The most common themes in my dreams are that I'm somewhere that I don't want to be, I'm being chased by someone wanting to kill me, or murder is taking place and I'm trying to stop it.
There was one particular dream that stood out from all the other wacky, confusing dreams. In my dream, I found out that a company was killing people and making profit off of them. I figured that I was the only one who could stop it, so I tried to investigate. There was a mean woman from the company who came after me with a knife, and If I didn't kill her, she would kill me. You can assume what I did in response. For a while I didn't want to consider what this dream meant, but when I did I was very glad. Usually death or murder in a dream means that you're letting go of a part of yourself, or a part of your old life is ending. If only I had considered that earlier! The past few weeks have been painful, because of all the changes. These changes aren't vain, because they're helping me to change. In the Talmud, Brachos volume 2, Daf 33 Amud A, Rabbi Ami had said; "If someone does not have understanding, it is forbidden to have mercy on him". In the side notes, a second statement of his was mentioned in which he said, "One should not have compassion for someone who denies that his suffering is meant to stir him to repentance." Maybe the truth about why I am suffering right now is along with the changes that are happening, the suffering is to push me to change in other ways, deeply in my character.
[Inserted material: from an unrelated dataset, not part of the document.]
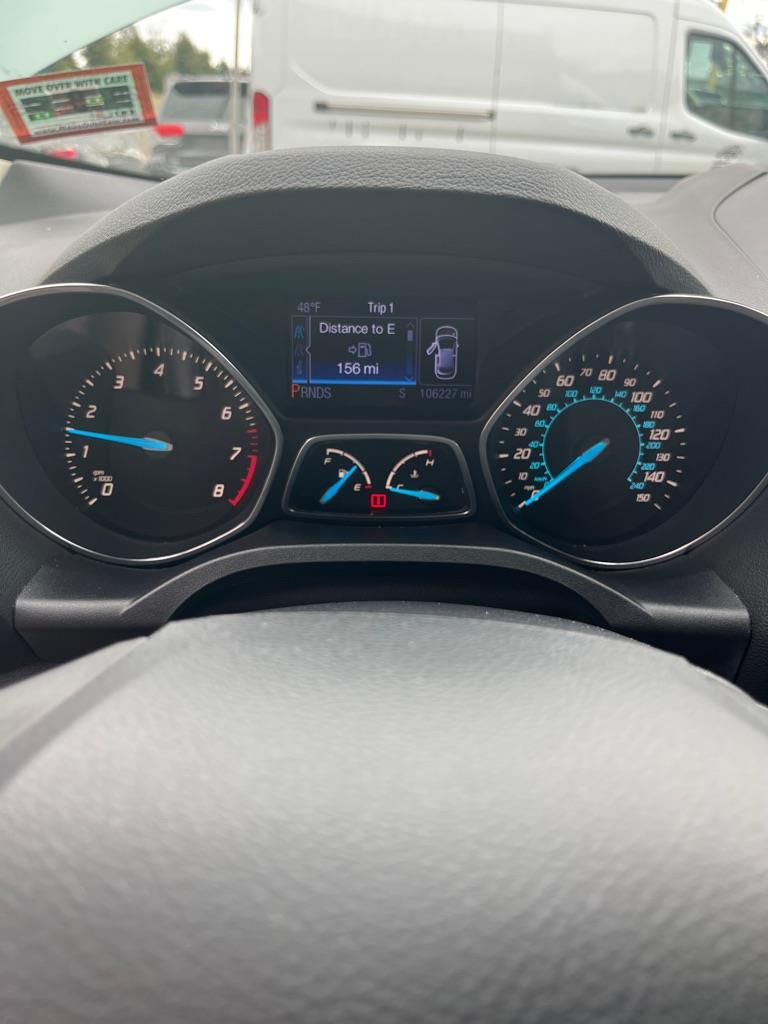 Ford Escape SEL 4WD 2013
The problem is that a lot of people don't look deeply into their dreams because they assume that because they're "not real", they don't have "real" meanings. Well, they certainly do, and Rebbe Nachman kept a dream journal and interpreted his dreams. The Zohar tells, "A dream uninterpreted is a letter unopened".
When people complain that G-d doesn't respond to them when they pray, I tell them that maybe they're not listening. Since we're not on a prophetic level like Moshe, we don't get to hear Hashem speak. But He is indeed "speaking". Some people I tell this don't want to listen. They get frustrated with me and say I don't "hear" anything; sometimes they say that I just imagine He's responding. B"H that He gave us dreams, because with these He sends us messages we otherwise would not receive. Dreams aren't to be taken lightly! Since I've been having these creepy dreams I've been recording them on paper, and I try to interpret them. It's been helpful to "hear" these messages. Don't ignore them.